O secretário de Estado Rex Tillerson confirmou, este domingo, que o Presidente dos EUA está a considerar fechar novamente a embaixada norte-americana em Havana, Cuba, depois dos incidentes que colocaram a saúde de vários diplomatas em risco.

“Estamos a avaliar”, disse o responsável. “É um assunto muito sério, tendo em conta as lesões que alguns indivíduos sofreram. Trouxemos algumas dessas pessoas para casa. Está sob avaliação”, acrescentou, citado pela agência Associated Press.
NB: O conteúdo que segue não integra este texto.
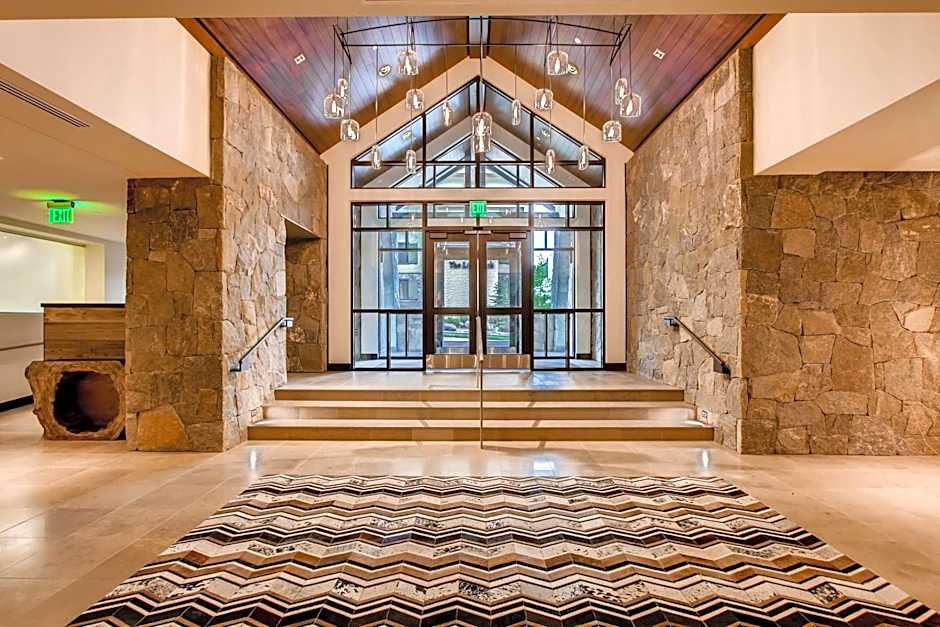 The Lion Vail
De acordo com o Departamento de Estado, desde dezembro do ano passado até agosto deste ano foram contabilizadas 21 vítimas. Os diplomatas afirmaram que sentiram sintomas como náuseas, perda de audição, dores de cabeça e problemas de equilíbrio.

A CBS, que disse ter tido acesso a relatórios médicos destes casos, apurou que o ataque sónico sofrido pode ter provocado danos cerebrais em alguns diplomatas.

O governo de Cuba afirmou que, após ter sido informado em fevereiro sobre os incidentes, iniciou uma “investigação exaustiva, prioritária e urgente”, reforçando também as medidas de segurança dos funcionários da embaixada americana na ilha.

Apesar de os EUA não culparem, por enquanto, Cuba de realizar os ataques, o Departamento de Estado decidiu expulsar dois diplomatas cubanos da embaixada do país em Washington por considerar que Havana não cumpriu com a responsabilidade de proteger os funcionários americanos na ilha.

Segundo a imprensa norte-americana, os “rumores” são de que a perda de audição foi provocada por um aparelho de ondas sónicas plantado à entrada das casas dos diplomatas, que emitiu ondas de som inaudíveis que podem causar surdez.

A embaixada dos EUA em Cuba foi reaberta em 2015, depois de quase meio século de relações cortadas, numa tentativa de reaproximação iniciada por Barack Obama.